[[ Supplied records, beginning ]]

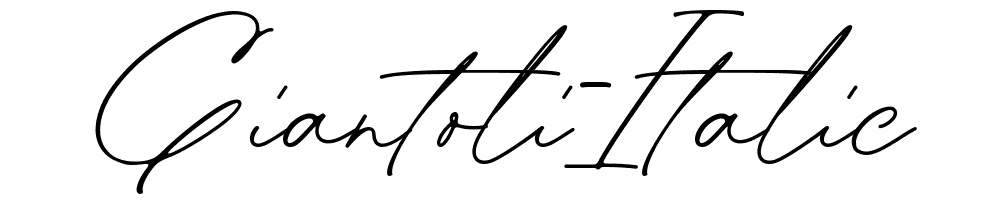 Giantoli-Italic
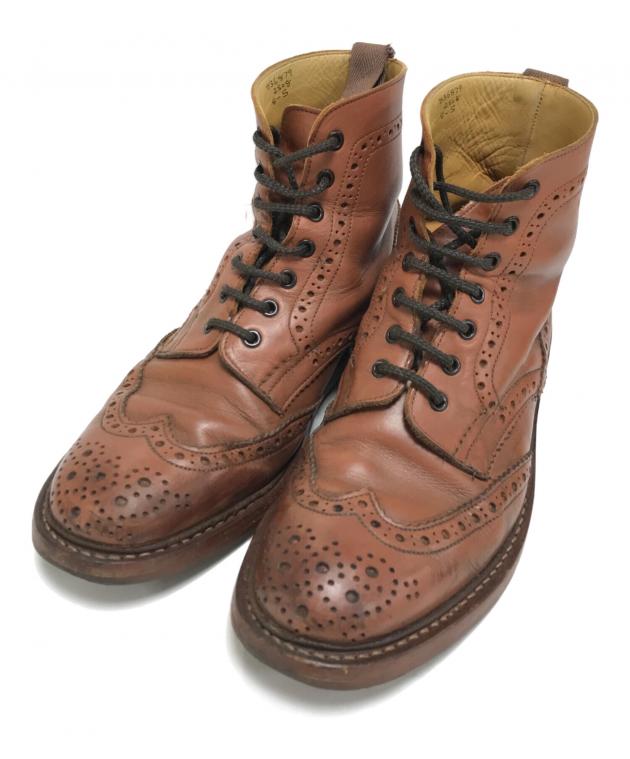 中古・古着通販】Tricker's (トリッカーズ) ウィングチップブーツ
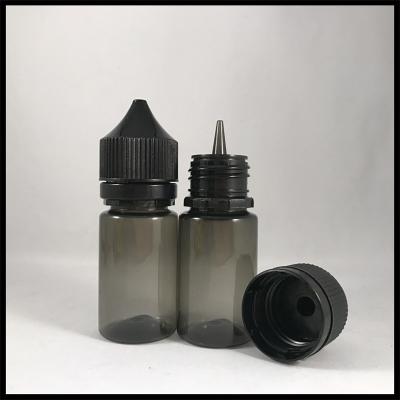 China Black Transparent 30ml Pet Bottles , Custom 30ml Plastic Dropper Bottles Bulk for sale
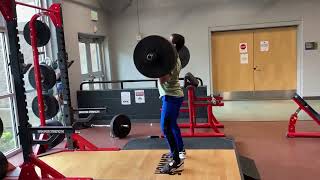 290lbs/132kg raw clean and jerk @77kg 16yo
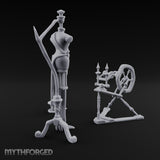 Nothing Off the Peg Tailor Mannequin and Spinning Wheel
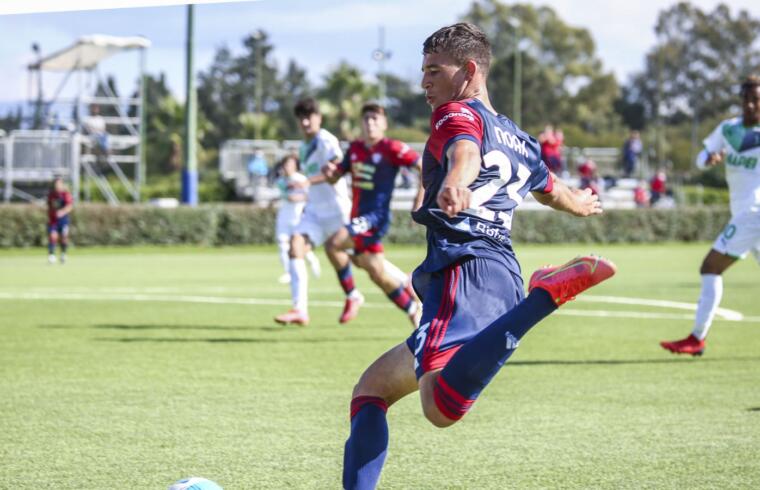 Astrand John Noah in azione | Foto Valerio Spano/Cagliari Calcio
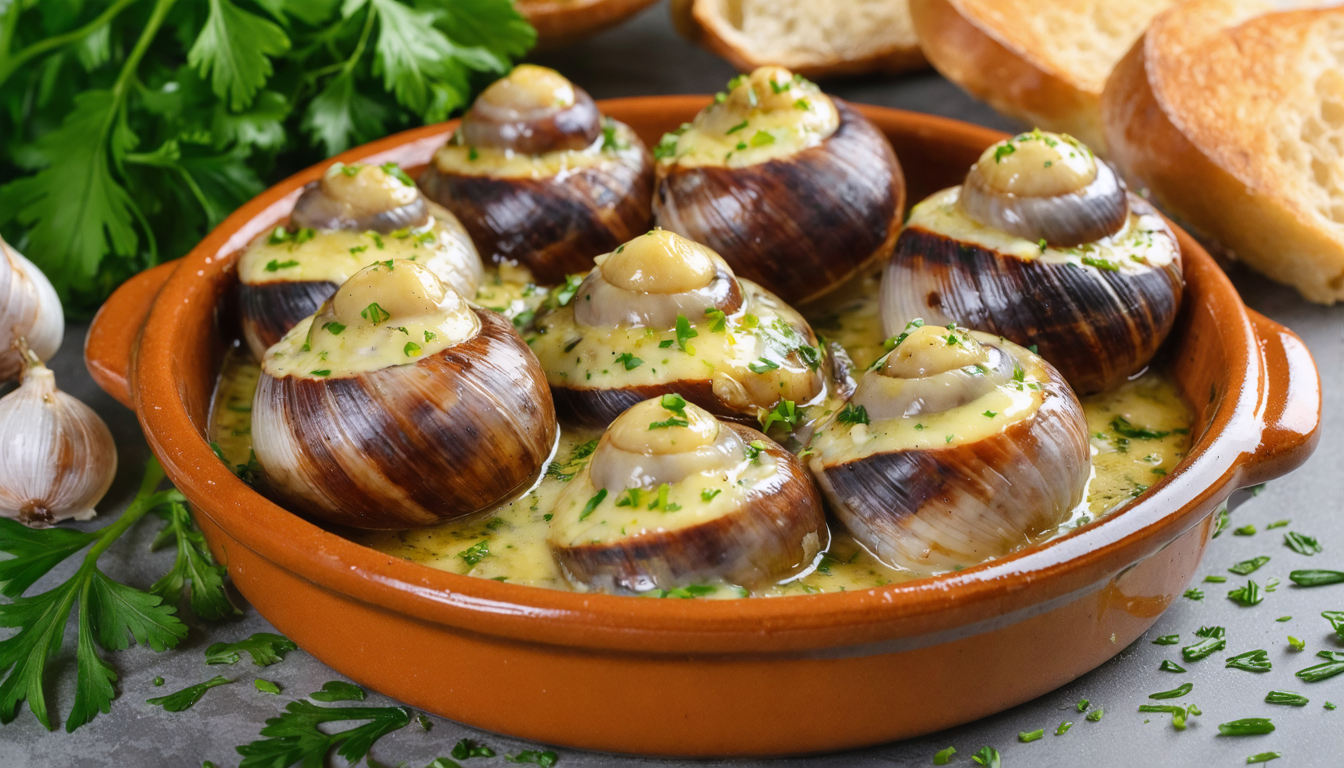 découvrez la recette savoureuse et authentique des escargots au beurre persillé, un classique français à déguster en toute convivialité.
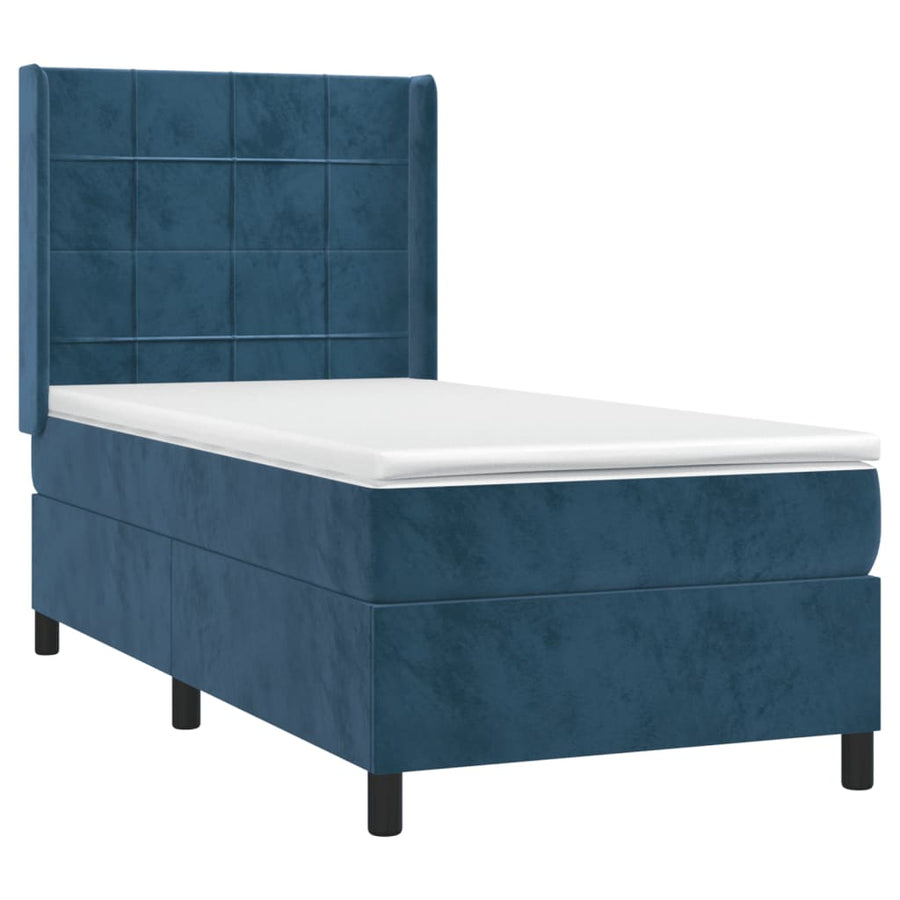 Boxspring Met Matras En Led Fluweel 100 x 200 cm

[[ Supplied records, end ]]

Would you please write out the entries in full, exactly as they read, but without pictures?

= Task answer =
 Giantoli-Italic
 中古・古着通販】Tricker's (トリッカーズ) ウィングチップブーツ
 China Black Transparent 30ml Pet Bottles , Custom 30ml Plastic Dropper Bottles Bulk for sale
 290lbs/132kg raw clean and jerk @77kg 16yo
 Nothing Off the Peg Tailor Mannequin and Spinning Wheel
 Astrand John Noah in azione | Foto Valerio Spano/Cagliari Calcio
 découvrez la recette savoureuse et authentique des escargots au beurre persillé, un classique français à déguster en toute convivialité.
 Boxspring Met Matras En Led Fluweel 100 x 200 cm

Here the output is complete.